Problem description: Could you restate word for word every line of the records below, from the first one to the one holding "Screw A Nut Bolt Impact Tech Backpack"?

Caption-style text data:
-- Opening Marker --
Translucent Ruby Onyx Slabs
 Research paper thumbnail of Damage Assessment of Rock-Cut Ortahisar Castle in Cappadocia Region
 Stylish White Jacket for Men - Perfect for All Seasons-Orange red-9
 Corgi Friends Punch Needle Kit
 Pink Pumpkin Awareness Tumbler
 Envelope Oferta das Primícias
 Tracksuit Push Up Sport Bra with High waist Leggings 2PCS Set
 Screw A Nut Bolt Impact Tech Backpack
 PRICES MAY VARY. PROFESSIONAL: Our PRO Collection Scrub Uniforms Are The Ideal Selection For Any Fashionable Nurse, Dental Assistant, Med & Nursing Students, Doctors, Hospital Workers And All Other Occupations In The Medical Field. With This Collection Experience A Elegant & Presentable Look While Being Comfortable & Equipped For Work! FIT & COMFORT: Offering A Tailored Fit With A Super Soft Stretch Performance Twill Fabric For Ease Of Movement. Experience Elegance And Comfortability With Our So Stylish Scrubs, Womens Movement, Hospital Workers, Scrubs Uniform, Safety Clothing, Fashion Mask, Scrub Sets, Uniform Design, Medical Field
-- Closing Marker --
Result of the task:
Translucent Ruby Onyx Slabs
 Research paper thumbnail of Damage Assessment of Rock-Cut Ortahisar Castle in Cappadocia Region
 Stylish White Jacket for Men - Perfect for All Seasons-Orange red-9
 Corgi Friends Punch Needle Kit
 Pink Pumpkin Awareness Tumbler
 Envelope Oferta das Primícias
 Tracksuit Push Up Sport Bra with High waist Leggings 2PCS Set
 Screw A Nut Bolt Impact Tech Backpack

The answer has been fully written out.